For anatomical reference and optimal warping of functional brain images into stereotactic standard space, a bias‐field corrected magnetization prepared double rapid‐acquisition gradient‐echo sequence with adiabatic inversion recovery (MP2RAGE) (McRae et al. 2010) were measured (TR = 5000 ms, TE = 2.91 ms, Times to inversion (TI) = 700/2500 ms, isometric voxel size = 1 × 1 × 1 mm^3^).
Processing of Brain Images
2.5
Data analysis was conducted using Statistical Parametric Mapping (SPM12, Wellcome Department of Imaging Neuroscience, London, UK, http://www.fil.ion.ucl.ac.uk/spm/).
Before submitting images to the SPM‐pipeline, all images were manually inspected for strong artifacts, reoriented to roughly match the orientation of the brain template of the International Consortium for Brain Mapping (ICBM; http://www.loni.ucla.edu/ICBM/), and the origin was set to the anterior commissure. Functional images were then corrected for acquisition delay, head motion, and nonlinear image distortions. A mean image was computed from artifact‐corrected functional time series. The structural MP2RAGE image was then co‐registered on this mean image, segmented into tissue classes, and warped into ICBM‐space using the unified segmentation algorithm described by Ashburner and Friston (2005). Using the linear and nonlinear warping parameters estimated during the segmentation process, also preprocessed functional images were transformed into ICBM‐space, resampled (voxel size = 3 × 3 × 3 mm^3^), and spatially smoothed using an isotropic Gaussian kernel (full width at half maximum, FWHM = 8 mm).
Modeling of Individual BR and FC
2.6
Most psycho–physiological EP studies evaluate the effects of standardized emotional stimuli on a psychophysiological parameter. These stimuli are usually defined by valence and arousal values as rated by standard reference populations. It is, however, well known that the emotional experience induced by a given stimulus varies considerably between individual subjects (Hoemann et al. 2020). To account for this source of variance, in the present study, we not only ascertained the BR as a function of standardized emotional image category but also the BR as a function of individual reported emotional valence and arousal of each picture.
To simplify the modelling and minimize collinearity among regressors (Mumford et al. 2015), we used three distinct models for each participant.
Model 1: BR (see Glossary in Supporting Information) during picture presentation was modeled for each emotional category separately by means of boxcar functions with uniform amplitudes (three regressors).
Model 2: To assess brain–behavior correlations, BR during picture presentation was modeled for valence and arousal separately by means of boxcar functions with amplitudes according to the SAM ratings (two regressors, parametrically modulated). Additionally, the mean response during image perception was modeled by a third regressor of boxcar functions with uniform amplitudes (one regressor).

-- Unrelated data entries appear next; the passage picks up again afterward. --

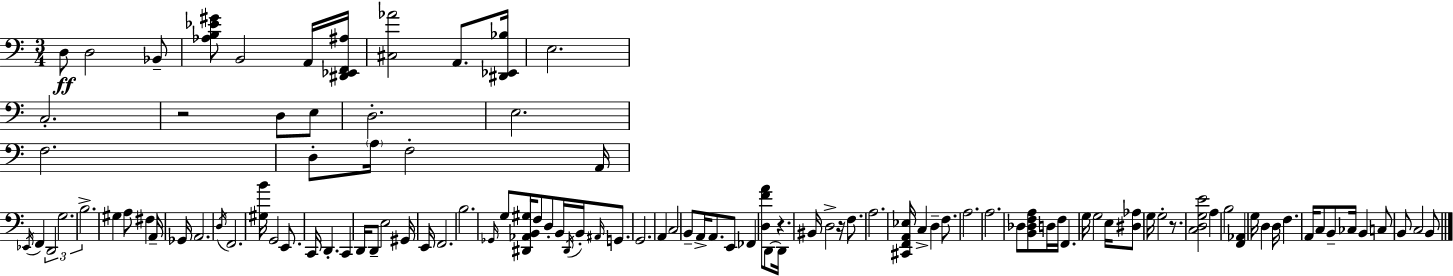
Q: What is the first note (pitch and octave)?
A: D3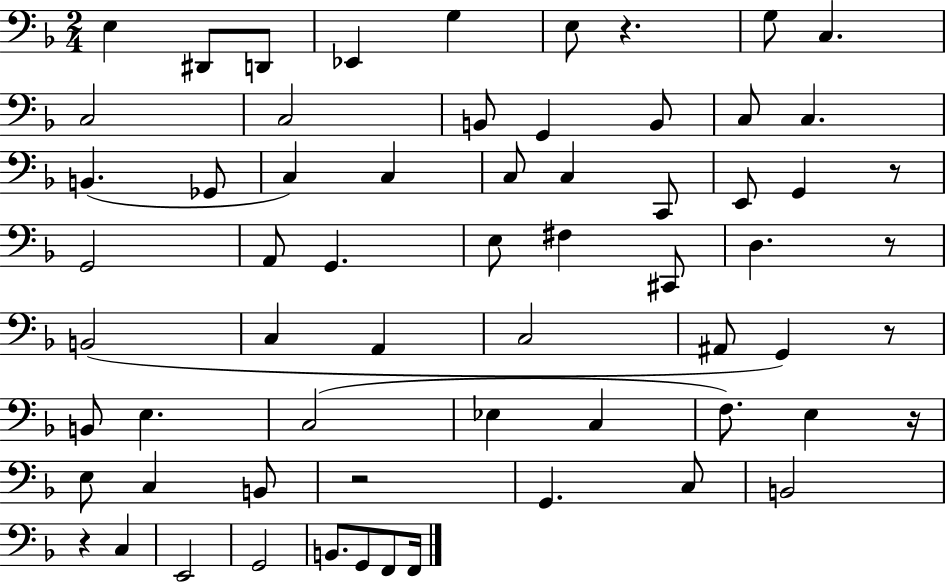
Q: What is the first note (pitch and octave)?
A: E3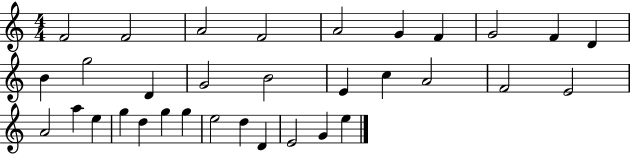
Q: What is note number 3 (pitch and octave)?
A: A4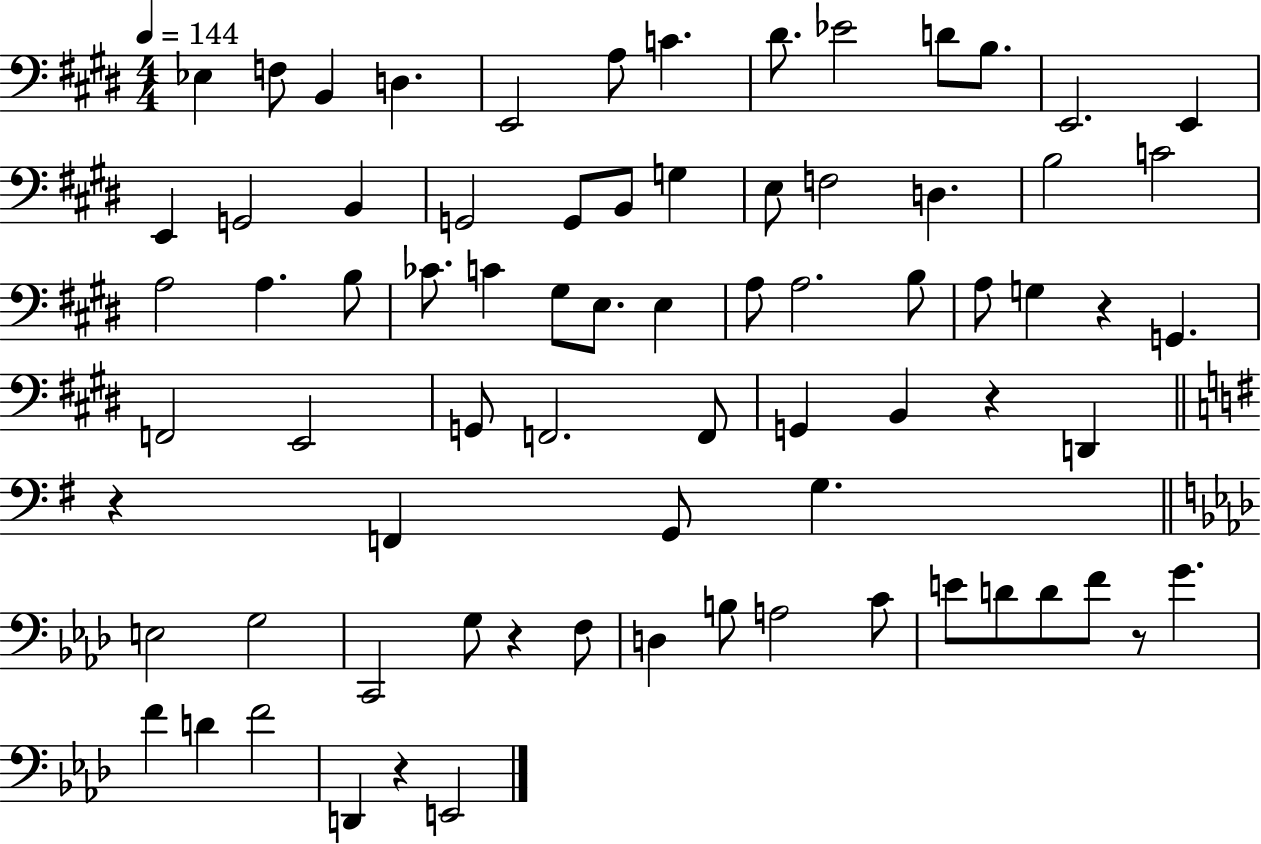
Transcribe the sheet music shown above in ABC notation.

X:1
T:Untitled
M:4/4
L:1/4
K:E
_E, F,/2 B,, D, E,,2 A,/2 C ^D/2 _E2 D/2 B,/2 E,,2 E,, E,, G,,2 B,, G,,2 G,,/2 B,,/2 G, E,/2 F,2 D, B,2 C2 A,2 A, B,/2 _C/2 C ^G,/2 E,/2 E, A,/2 A,2 B,/2 A,/2 G, z G,, F,,2 E,,2 G,,/2 F,,2 F,,/2 G,, B,, z D,, z F,, G,,/2 G, E,2 G,2 C,,2 G,/2 z F,/2 D, B,/2 A,2 C/2 E/2 D/2 D/2 F/2 z/2 G F D F2 D,, z E,,2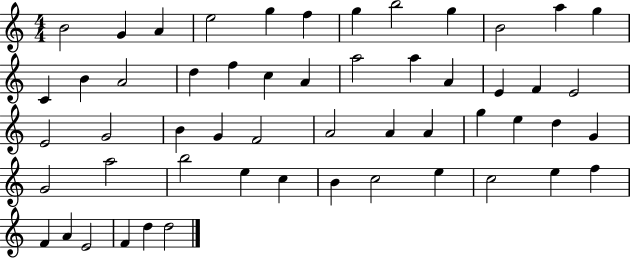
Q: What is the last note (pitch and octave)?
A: D5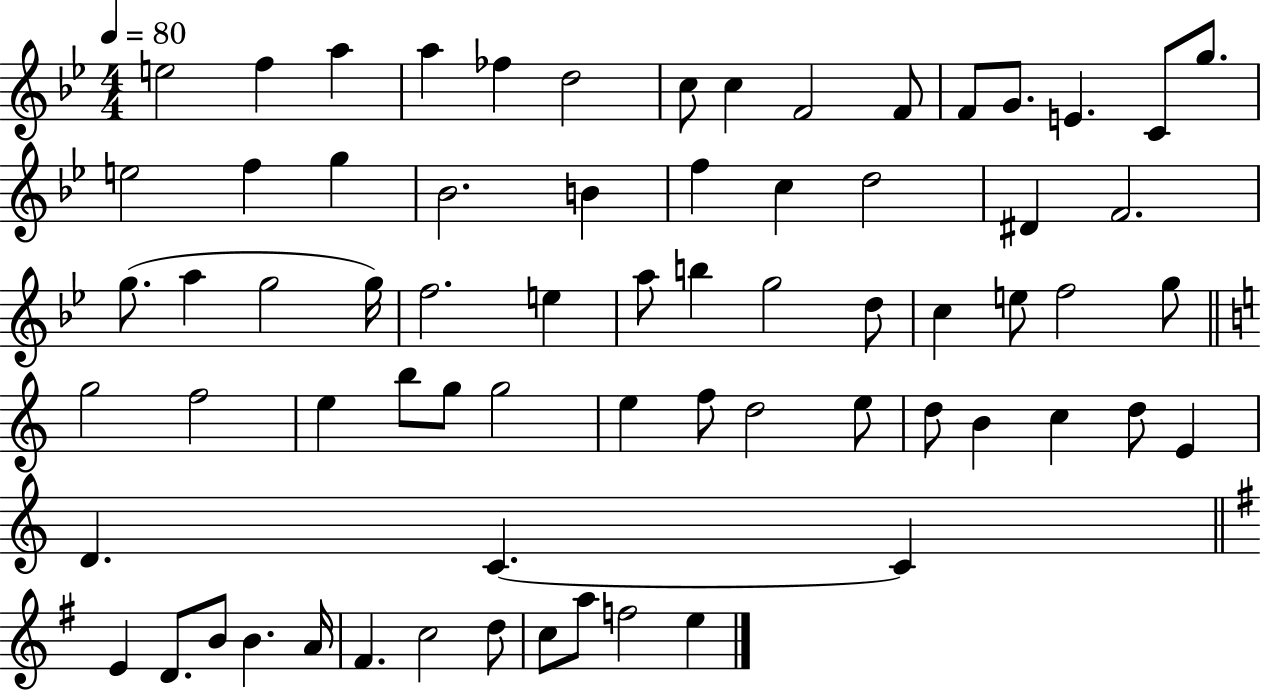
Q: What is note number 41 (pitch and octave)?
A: F5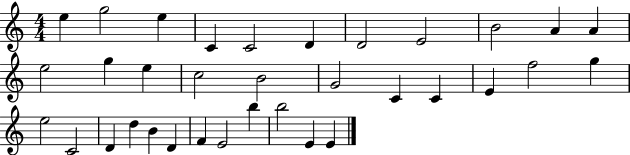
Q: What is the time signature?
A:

Model 3: Differences in FC (see Glossary in Supporting Information) between amygdalae and distant brain regions as a function of image category were modeled using the psycho–physiological interaction approach (PPI, see Glossary in Supporting Information) (Friston et al. 1997; Gitelman et al. 2003). Seeds were left and right amygdalae as defined in Human Brainnetome atlas (https://atlas.brainnetome.org) (Fan et al. 2016). First eigenvariate time series were extracted from these seeds and two PPI regressors (NEG‐NEU; POS‐NEU) were created according to Gitelman et al. (Gitelman et al. 2003). The seed time series and the resulting PPI regressors were included in the model (three regressors), along with the task regressors (three regressors). PPI analyses were computed for left and right amygdala separately.
For all models, neural activities associated with button presses were modeled by means of one stick function per button press (one regressor). All BOLD predictors were obtained by convolving these neural models with the canonical hemodynamic response function (cHRF) (Friston et al. 1995). To account for signal fluctuations due to susceptibility × motion interactions, the movement parameters estimated during the motion correction step were considered as additional regressors of no interest (six regressors). Finally, all models include a constant to model allover signal mean.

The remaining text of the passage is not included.